The proof in the record shows that Miss Sarah Crawford, the sister and sister-in-law of appellants, resides on their property, and that the roaming of the cattle on the road amounts to an obstruction of the road as to her. While prior to Initiated Measure No. 1 of 1950 (the so-called Stock Law) this argument might not have been tenable, it appears that the people of this state, by prohibiting the roaming of cattle on the public roads, have recognized cattle to be, if not an obstruction to the use of the roads, at least a nuisance. As far as an individual’s use of a private road is concerned, the roaming of cows on the road to his home is certainly as obnoxious and obstructive as their roaming on a public road would be.

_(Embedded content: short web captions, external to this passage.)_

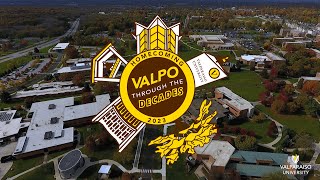 2023 Homecoming: Valpo Through the Decades | Valparaiso University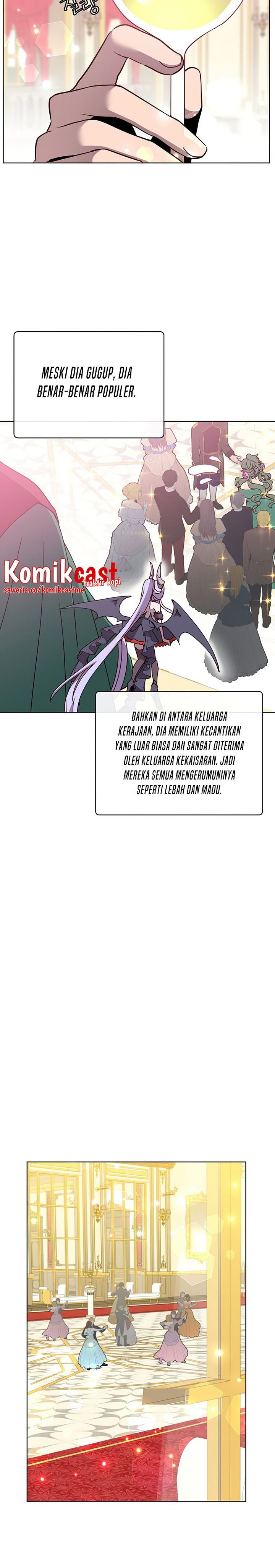 Read The Max Level Hero Has Returned ID Manga Online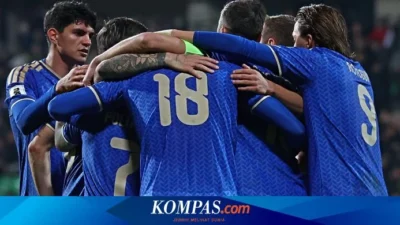 Spalletti Tuding Reguler Serie A Salah, Italia Gagal ke Piala Dunia 2026 Karena Tak Panggil Pemain Serie B/C
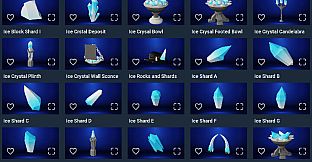 GameGuru MAX Low Poly Asset Pack - Arctic Ruins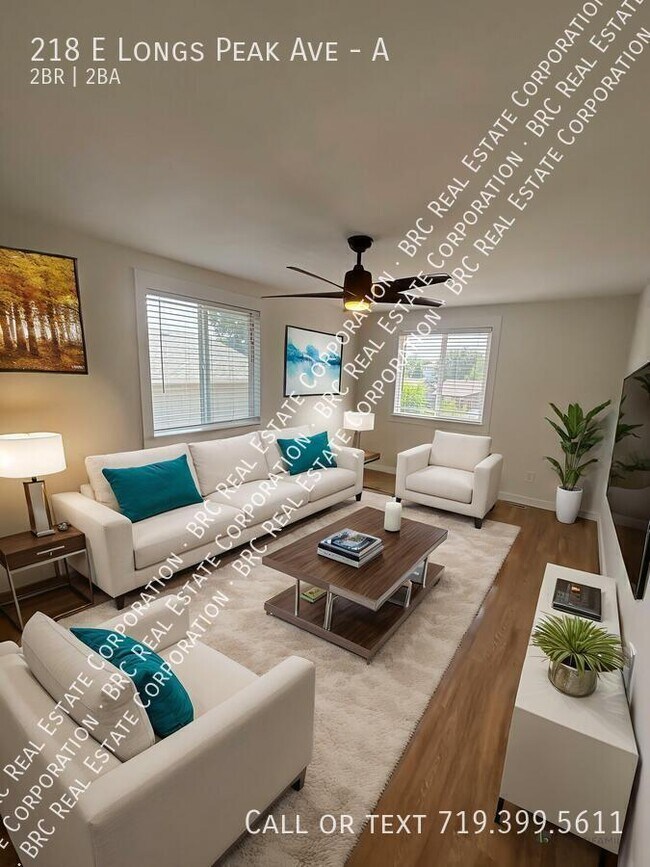 Foto del edificio - 218 E Longs Peak Ave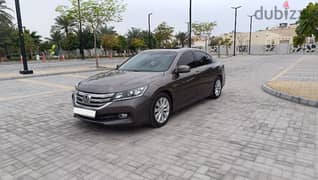 HONDA ACCORD FULL OPTION MODEL 2016 WELL MAINTAINED CAR FOR SALE 0
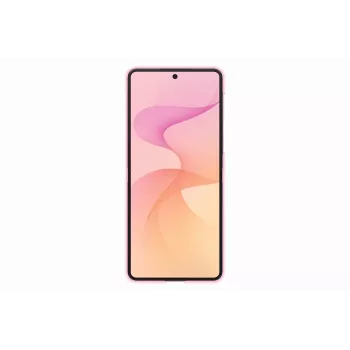 Samsung Silikona gredzena magnētiskais vāciņš Galaxy Z Flip8 - violets
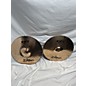 Used Zildjian Used Zildjian 14in Zxt Max Hat Cymbal thumbnail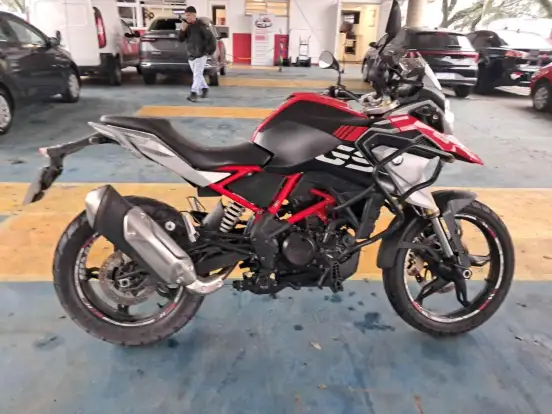 BMW-G 310 GS BMW-G 310 GS-2024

Finally, even if I should accept the majority theory that the trial court has some discretion in permitting the use of cattle guards on a private way, I think the trial court abused its discretion in this instance. The record conclusively shows that the road in issue, 20 feet wide, extends along appellees’ southern boundary for a distance of only 498 feet. This total area amounts to less than one-fourth of an acre, and when the roadway, which appellants have been granted the right to grade and maintain, is taken out of the area involved, little or no practical benefit from the use of the area as a pasture will result to appellees except as it may add fuel to the feud that has been existing between these parties.
Therefore, I would reverse and remand the ease with directions to appellees to take the road out of their pasture.
Harris, C. J., and Fogleman, J., join in dissent.Reported as Massee v. Schiller, 237 Ark. 809, 376 S. W. 2d 558.